When sales cool off in the Puget Sound, Bay Area or Southern California, the ripple effect eventually hits the Rogue Valley. In recent years, the norm in Seattle has been multiple offers within hours of property hitting the market. Mullane recently talked to a seller in the trendy Queen Anne neighborhood.
“His house has been on the market for two weeks without an offer,” Mullane said. “He’s wondering what’s wrong, but there’s definitely a broader pattern to this across the nation; they’re noticing their version elsewhere, and we’re noticing our version.”
Locally, interest rates are diminishing buying power. When rates were at 4 percent in 2017, a buyer who could have paid $400,000 for a house is now capped closer to $370,000,” Mullane said.
Meanwhile, wages haven’t countered mortgage rates, and wildfire smoke added a layer of angst.
“This is a more traditional shift toward a buyer’s market,” Mullane said. “When you don’t have increases, it may feel like the value is going down.”
Sellers have frequently leaned toward a higher asking price, anticipating an advancing market, Mullane said. “And they have often been rewarded.”
Lately, however, homeowners trying to catch the cresting waves have experienced a bit of a riptide.
For a while, Mullane said, if a market analysis indicated a house was worth $400,000, sellers might bump the price to $420,000 and perhaps get it.
“Now, if the analysis is $400,000, it really needs to be $400,000,” he said. “We’re not doing the seller any good for $420,000, and then dropping to $390,000 and maybe $380,000.”
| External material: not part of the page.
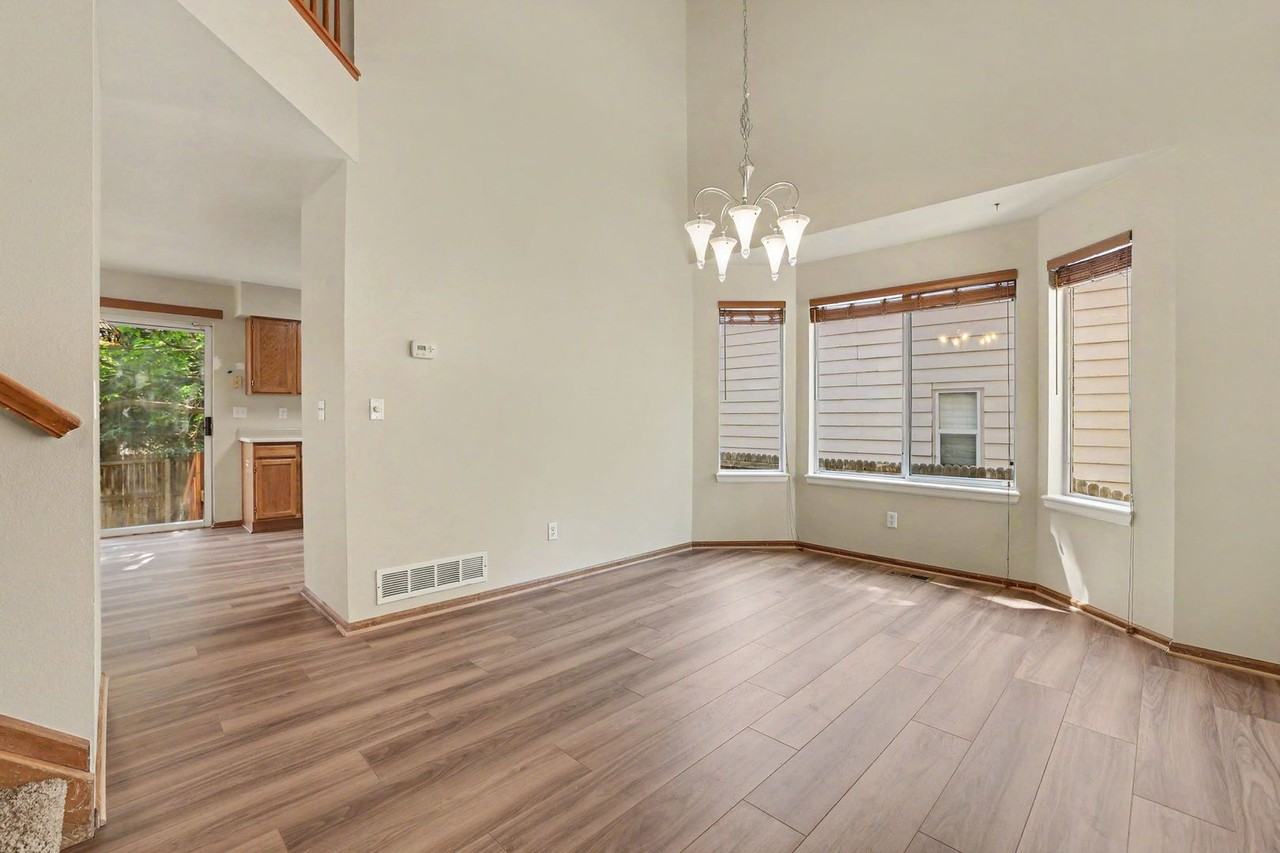 11742 Gray St - Photo 6 of 24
Turnaround time is longer than last year, with pending sales declining 14.2 percent year-over-year in September. Closing periods have extended as well.
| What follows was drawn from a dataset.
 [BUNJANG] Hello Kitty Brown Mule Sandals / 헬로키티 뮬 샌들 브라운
“We’re seeing homes stay on the market longer, and transactions are getting tougher to close,” Mullane said.
Buyers who had absorbed maintenance costs in order to stave off higher bids from other suitors are now requiring sellers to fix problems before closing.
“Before buyers were satisfied with the negotiated price, and they could overlook this, this and this,” Mullane said. “Now, they’re insistent that repairs are made and this is done and that is done. It’s creating more tension than the same transaction six months ago.”
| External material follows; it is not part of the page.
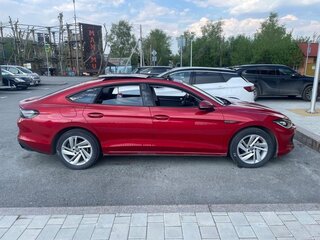 2023 Volkswagen Lamando L II, красный, 1780000 рублей, вид 4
Kate Morris of Hamlin Real Estate said she has yet to see a deal not close because of contingencies.
First-time buyers still have substantial hurdles to clear as they compete against newcomers and retirees angling for property under the $300,000 level, she said.
“The last year and a half, you could get a house for $240,000, and that’s becoming more difficult as interest rates become more of a factor,” Morris said.
At the end of September, there were 1,227 existing homes on the in SOMLS system, up 17.9 percent from a year ago.
The biggest jump in the median sales point was in northwest Medford, where half of the sales were above $257,500 and half below. The median year-over-year sales price in Eagle Point fell 5 percent to $275,000, and in Shady Cove/Trail — an area hit hard by smoke — it dropped 5.2 percent to $256,900.